-- Record set --
• • • • •
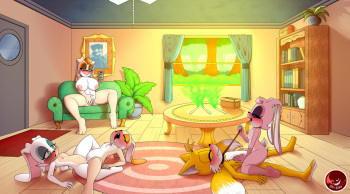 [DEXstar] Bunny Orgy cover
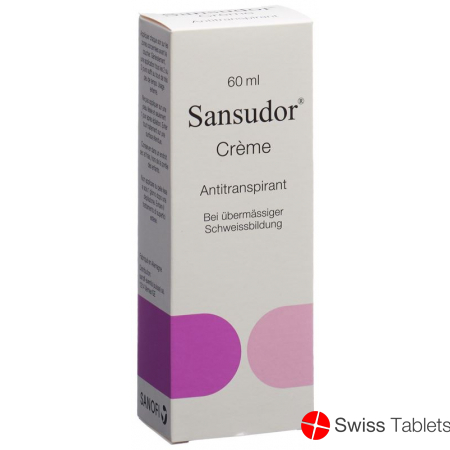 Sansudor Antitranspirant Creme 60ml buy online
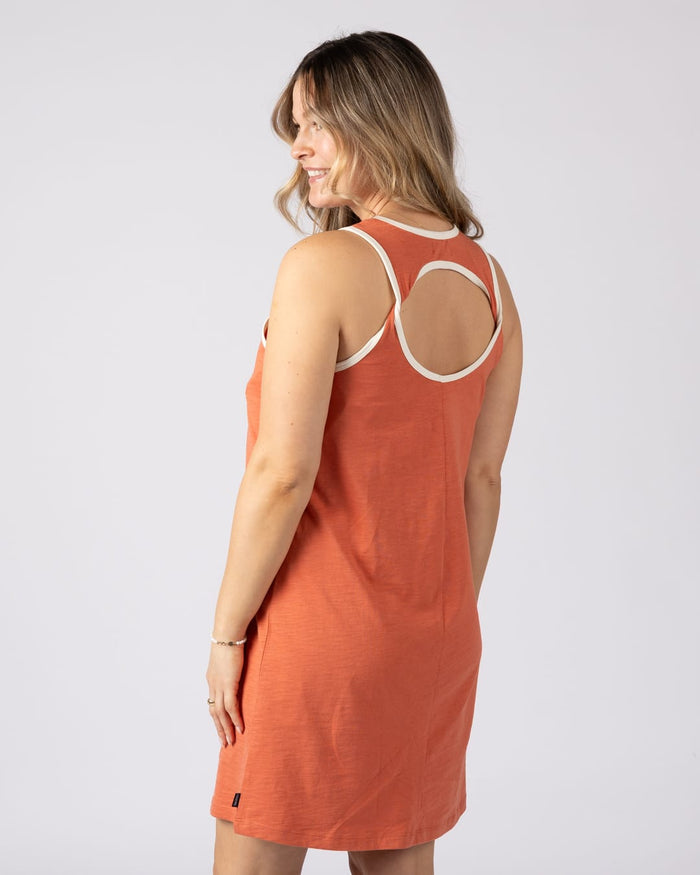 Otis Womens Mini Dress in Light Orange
• • • • •
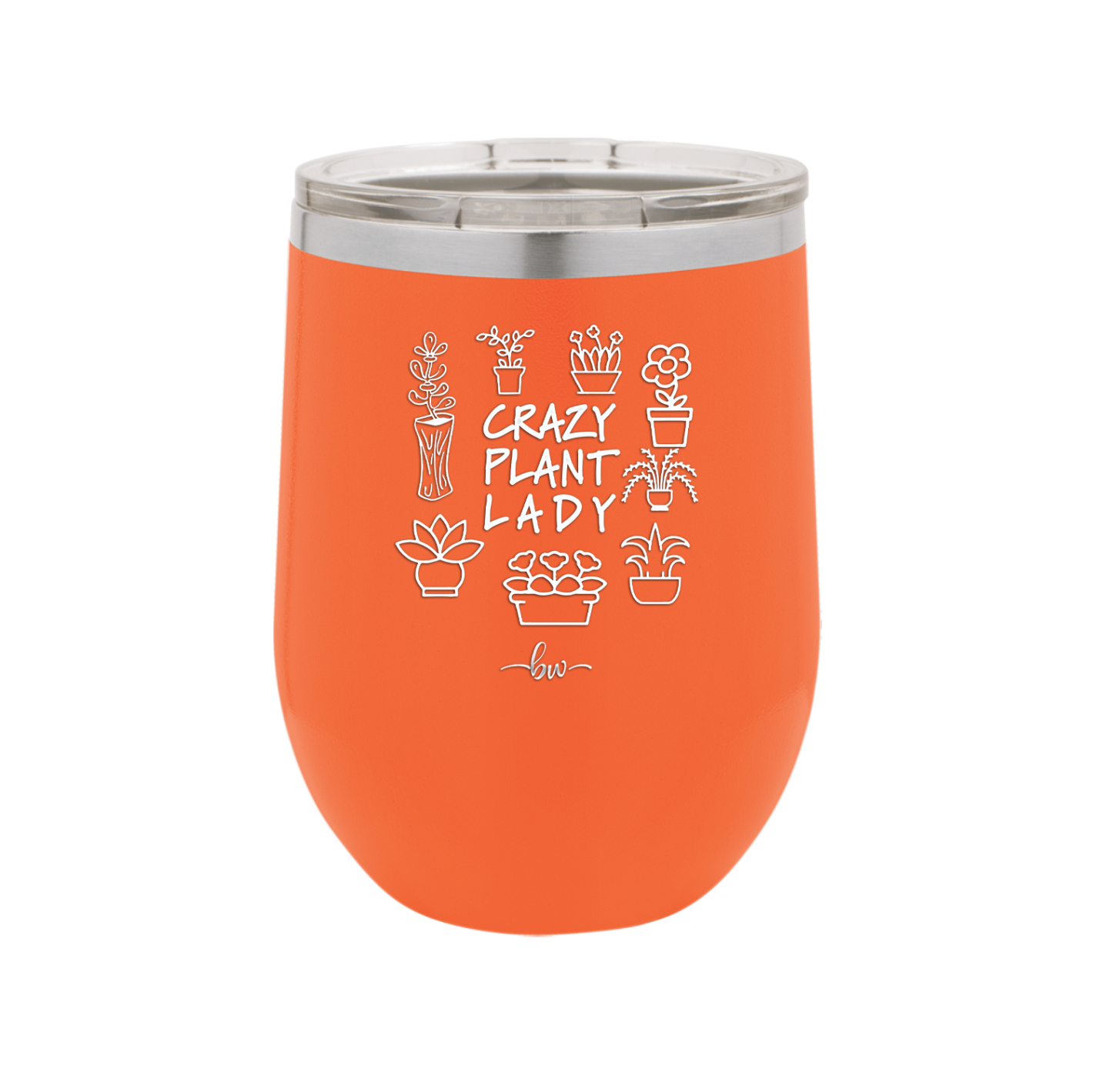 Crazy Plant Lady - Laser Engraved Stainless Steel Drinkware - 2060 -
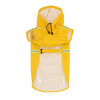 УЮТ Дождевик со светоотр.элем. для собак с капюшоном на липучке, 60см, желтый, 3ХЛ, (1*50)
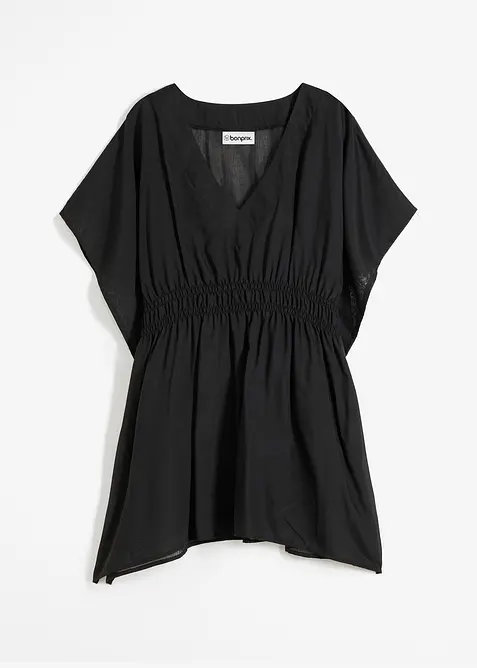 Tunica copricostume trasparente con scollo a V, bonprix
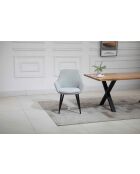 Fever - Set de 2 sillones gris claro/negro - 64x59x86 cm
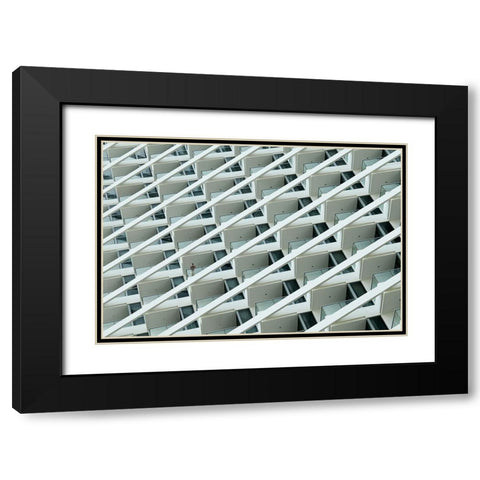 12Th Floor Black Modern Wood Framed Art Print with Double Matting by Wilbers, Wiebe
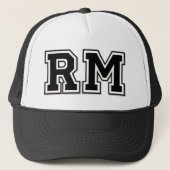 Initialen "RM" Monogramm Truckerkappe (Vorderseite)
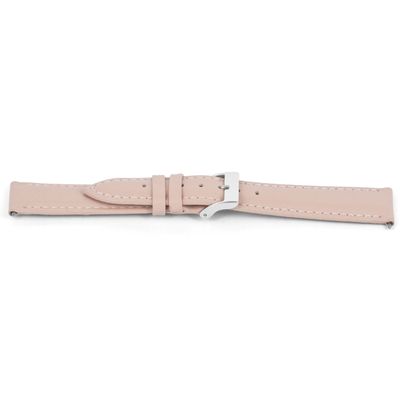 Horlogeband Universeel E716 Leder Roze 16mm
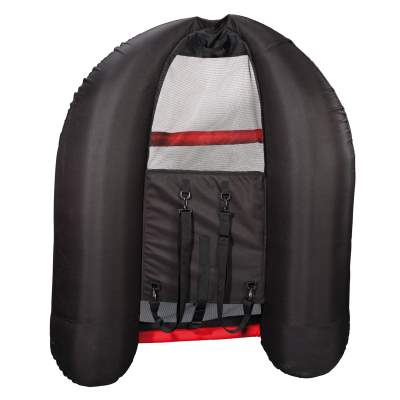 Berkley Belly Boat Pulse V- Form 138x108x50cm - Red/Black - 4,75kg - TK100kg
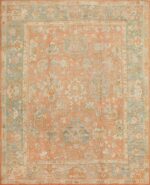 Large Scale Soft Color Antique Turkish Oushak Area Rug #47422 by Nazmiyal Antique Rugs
• • • • •
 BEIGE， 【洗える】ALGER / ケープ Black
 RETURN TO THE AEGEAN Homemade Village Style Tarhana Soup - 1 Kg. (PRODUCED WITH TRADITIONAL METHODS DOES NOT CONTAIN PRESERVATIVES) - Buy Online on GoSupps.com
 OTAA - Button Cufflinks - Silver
• • • • •
-- Exercise goal --
Output only the lines above from the one containing "Berkley Belly Boat" to the one containing "Large Scale Soft", both included, exactly as written and with no pictures.

-- The completed task --
 Berkley Belly Boat Pulse V- Form 138x108x50cm - Red/Black - 4,75kg - TK100kg
 Large Scale Soft Color Antique Turkish Oushak Area Rug #47422 by Nazmiyal Antique Rugs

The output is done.